Assigned task: Take the records below and set down exactly the lines from the one with "Lands’ End Small" to the one with "Affiche avec un", ends included; do not copy the pictures.

Supplied records:
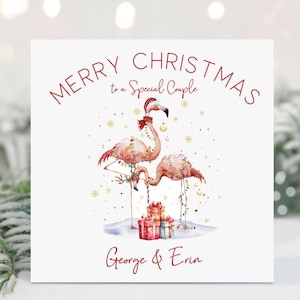 Carte de Noël pour couple, carte de Noël spéciale couple personnalisée, flamants roses, flamant rose de Noël, couple flamant rose, couple spécial, flamant rose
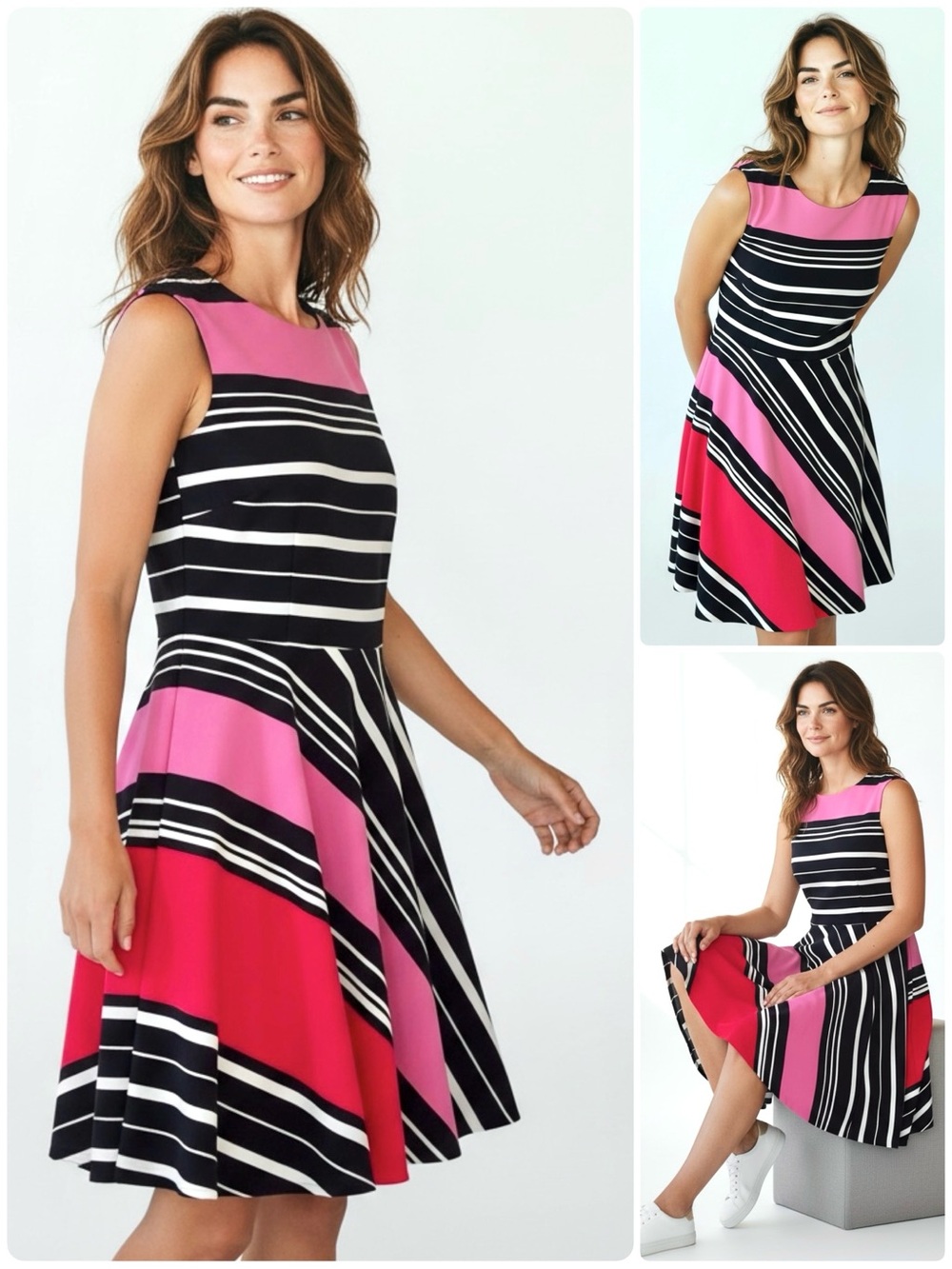 TAHARI Crepe Fit & Flare Striped Dress Sleeveless Round Neck Knee Length Stretch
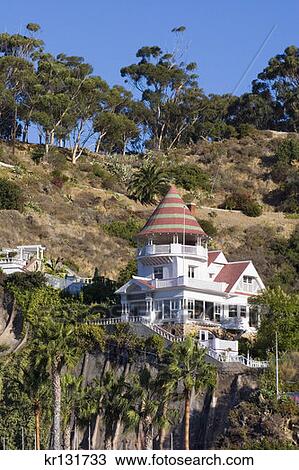 Hillside Home Avalon California View Large Photo Image Stock Image - Hillside Home Avalon California . Fotosearch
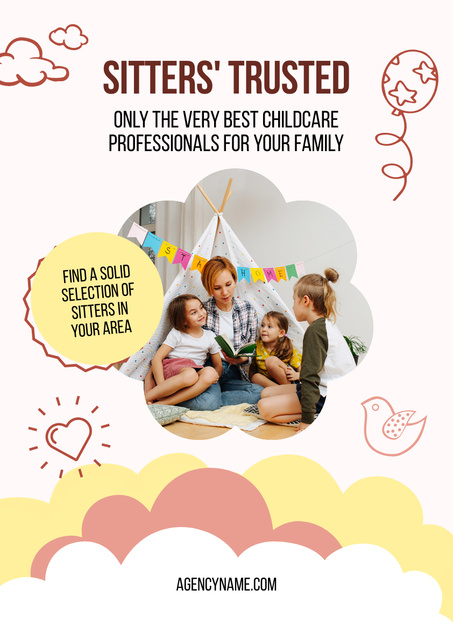 Ontwerpsjabloon van Poster A3 van Childcare Professional Service Offer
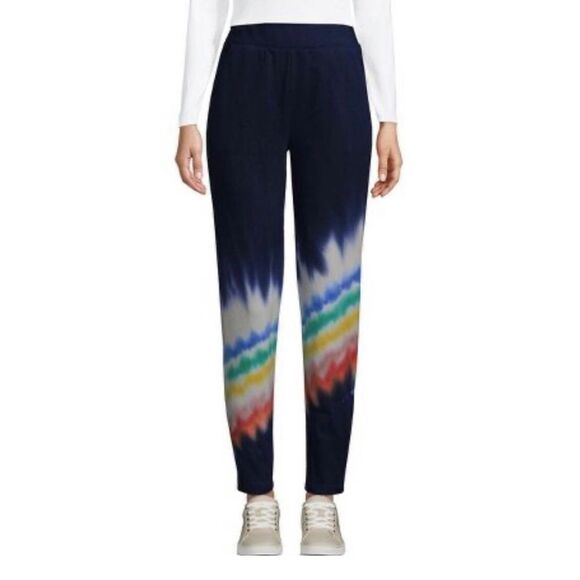 Lands’ End Small 6/8 seriously sweats joggers sweat pants blue tie dye women’s - Picture 1 of 9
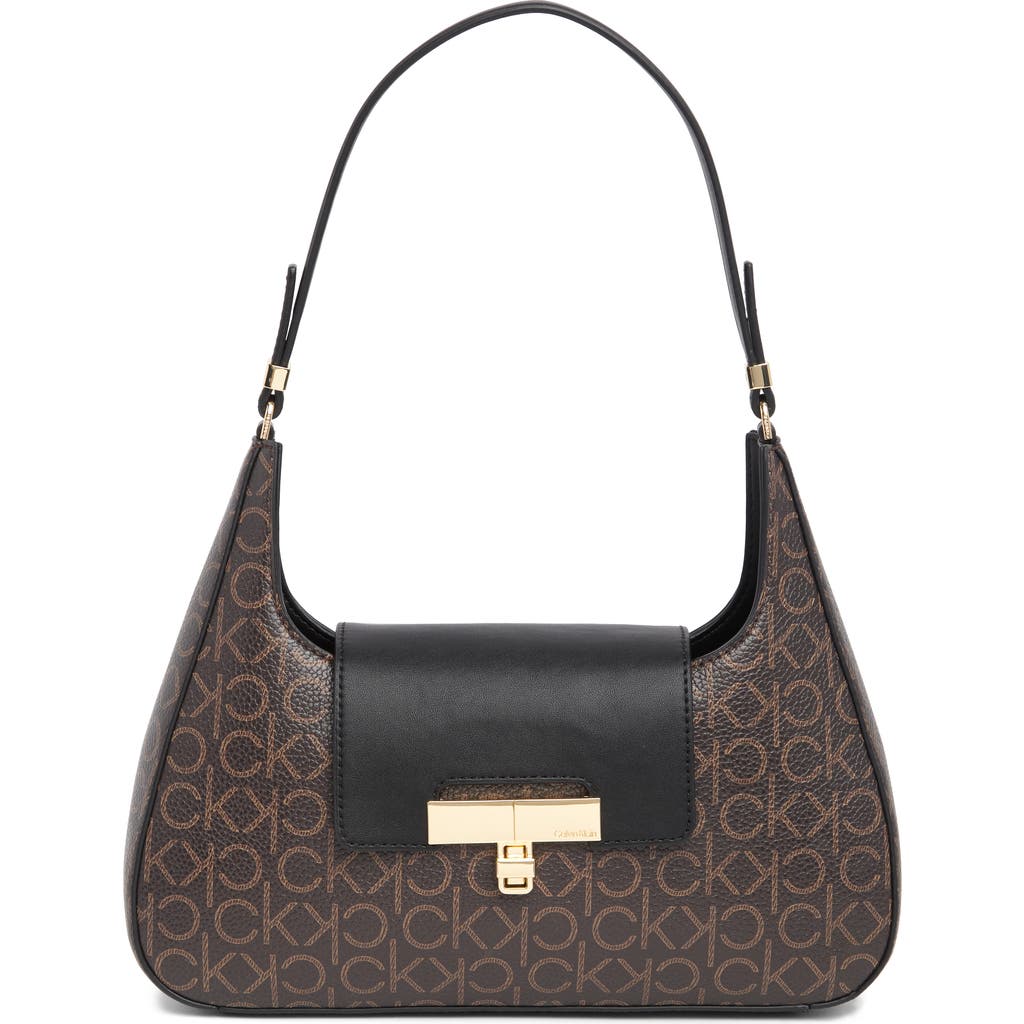 Calvin Klein Becky Small Monogram Shoulder Bag In Brown Khaki/black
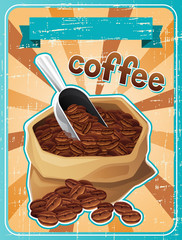 Affiche avec un sac de grains de café dans un style rétro.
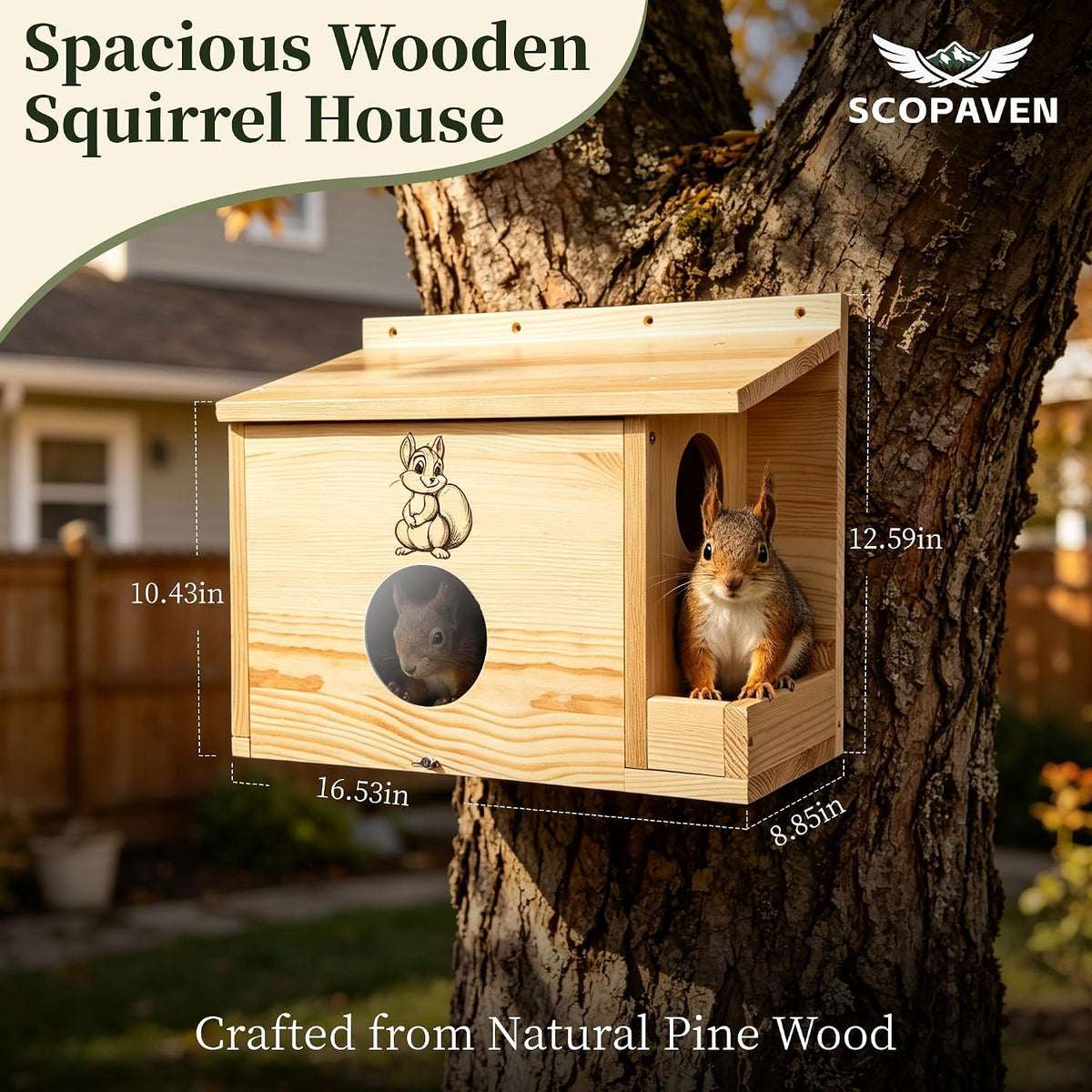 XL Squirrel House 16.5", Anti-Predator Nest Box with Feeder, Viewing Window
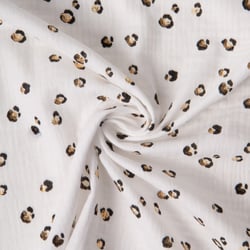 Tissu Double gaze de Coton imprimé léopard brillant sur fond Blanc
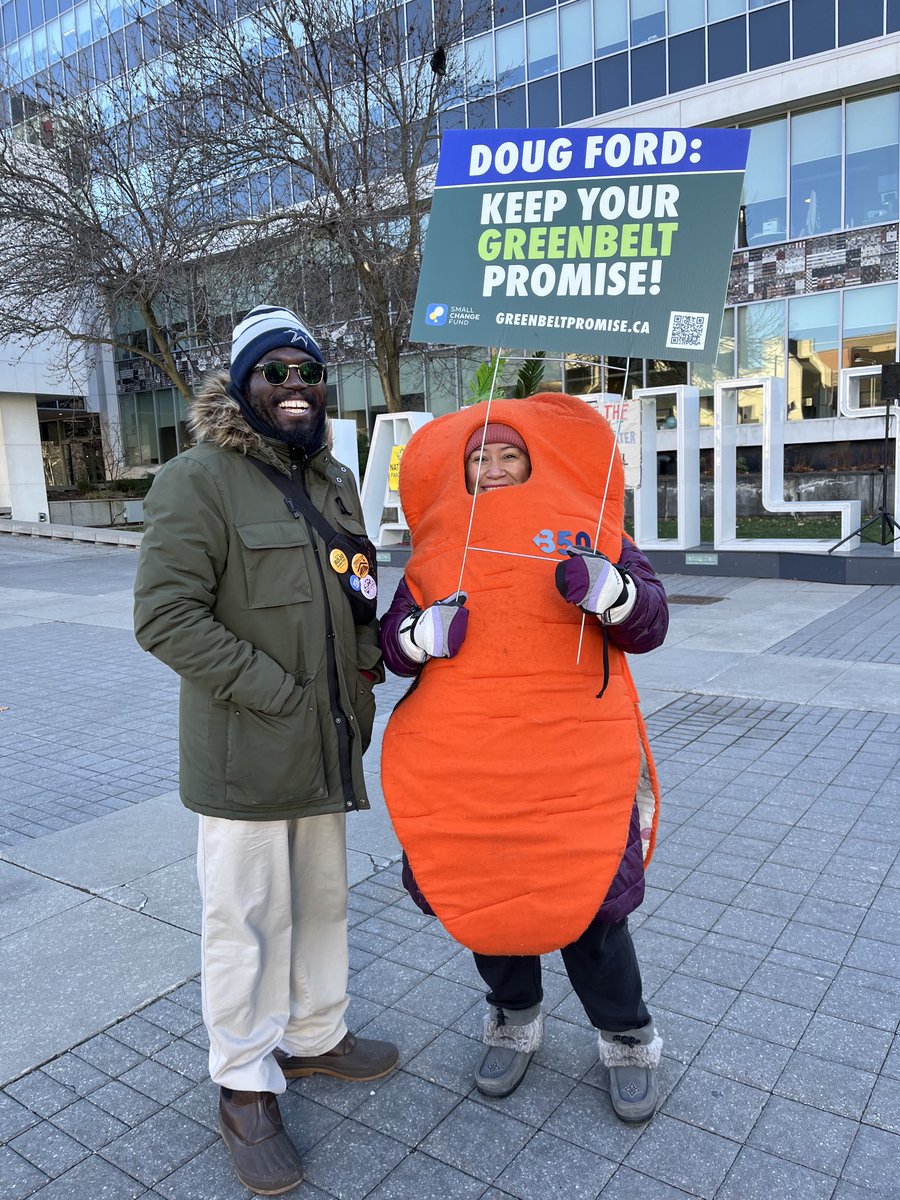 Hundreds out so far at anti-sprawl rally at #hamont city hall. They have signs for folks, but you have to grow your own costume.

Output of the task:
 Lands’ End Small 6/8 seriously sweats joggers sweat pants blue tie dye women’s - Picture 1 of 9
 Calvin Klein Becky Small Monogram Shoulder Bag In Brown Khaki/black
 Affiche avec un sac de grains de café dans un style rétro.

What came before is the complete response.